A key publication by two of the country's leading access and privacy lawyers
This practical reference is comprehensive in scope, containing everything you need to interpret and apply federal access to information and privacy legislation. In addition to expert analysis, it also contains a compendium of key materials. Table of Contents
Chapter 1 Annotated Access to Information Act — Statutory Prohibitions Against Disclosure: Section 24 – In this case, Defence Construction Canada asserted for the first time a new mandatory exemption from disclosure found in s. 30 of the Defence Production Act, an exemption that applies due to s. 24 and Schedule II of the Access to Information Act. The Federal Court held that it was too late for Defence Construction Canada to assert the mandatory exemption. On appeal, the majority stated that “[i]n these particular circumstances, the Federal Court was bound to allow Defence Construction Canada an opportunity to adduce evidence supporting its late assertion of the mandatory exemption...[w]ith that evidence before it, the Federal Court could have considered the mandatory exemption and the jurisprudential issue and the fact-based issue associated with it.” The case was sent back to the Federal Court for rehearing: UUCANU Manufacturing Corp. v. Defence Construction Canada, 2017 FCA 133.

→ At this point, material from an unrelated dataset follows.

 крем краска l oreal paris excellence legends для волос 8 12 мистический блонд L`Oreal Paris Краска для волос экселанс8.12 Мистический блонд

Chapter 1, Annotated Access to Information Act — Section 20: Third Party Information – In this application, Air Transat was seeking a judicial review of a decision rendered by Transport Canada (TC) on April 18, 2016 that authorized the disclosure of an inspection report regarding Air Transat, prepared by TC in 2003. Air Transat was also seeking to set aside a report prepared by the Commissioner on February 25, 2016, which recommended that TC disclose the inspection report regarding Air Transat. The information access requester had filed a complaint with the Information Commissioner on July 19, 2005. The Court concluded, “In light of the confidential nature of the pilot project, the exchange of confidential information between Air Transat and TC for the purposes of the pilot project, the fact that each airline must nonetheless develop its own air safety system, and the fact that the expertise of the people involved and the methodology adopted (information available in the Report) were used by Air Transat to create an effective and optimal air safety system for itself, I consider that the information constitutes trade secrets and cannot be disclosed under paragraph 20(1)(a) of the AIA”: Husky Oil Operations Limited v. Canada-Newfoundland and Labrador Offshore Petroleum Board, 2018 FCA 10.

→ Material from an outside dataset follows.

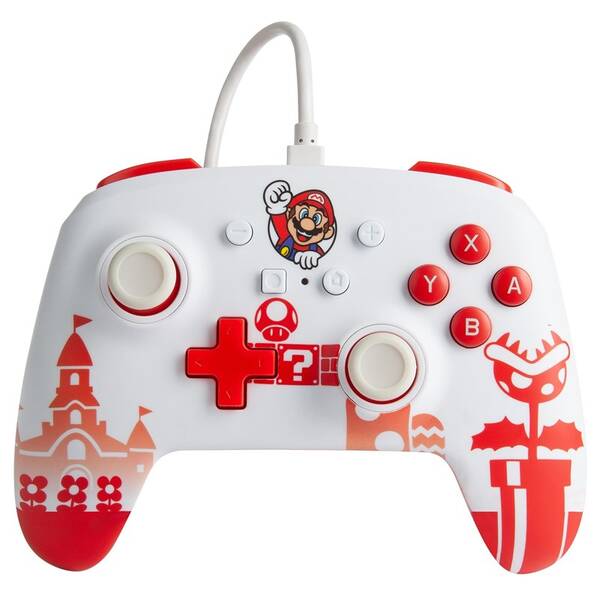 Gamepad PowerA Enhanced Wired pre Nintendo Switch - Mario Red/White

Chapter 6, Annotated Privacy Act — Section 2: Purpose of the Act – During the Independent Assessment Process (IAP) at the request of the Chief Adjudicator of the Indian Residential Schools Adjudication Secretariat and the Truth and Reconciliation Commission, the supervising judge ordered the destruction of the records following a 15-year retention period. The Attorney General of Canada argued that the IAP documents were “under the control of a government institution” within the meaning of the Access to Information Act, the Privacy Act, and the Library and Archives of Canada Act, and that the supervising judge had no jurisdiction to order their destruction. The Supreme Court wrote that the application of the Privacy Act to the IAP documents clearly runs counter to the principles of confidentiality and voluntariness upon which the IAP was founded. Further, retention in the National Archives, whose purposes include the accessibility and diffusion of knowledge, is inconsistent with the absolute level of confidentiality that the parties intended for these documents: Canada (Attorney General) v. Fontaine, 2017 SCC 47
Chapter 9, Annotated PIPEDA — Section 7: Collection Without Knowledge or Consent – In this appeal, the Supreme Court was called upon to consider the balance between the privacy rights of individuals and the public interest in law enforcement as it applies to text message conversations stored on personal devices. The majority of the Court held that “Text messages that have been sent and received can, in some cases, attract a reasonable expectation of privacy and therefore can be protected against unreasonable search or seizure under s. 8 of the Charter. […] Only if a claimant’s subjective expectation of privacy was objectively reasonable will the claimant have standing to argue that the search was unreasonable.”: R. v. Marakah, 2017 SCC 59.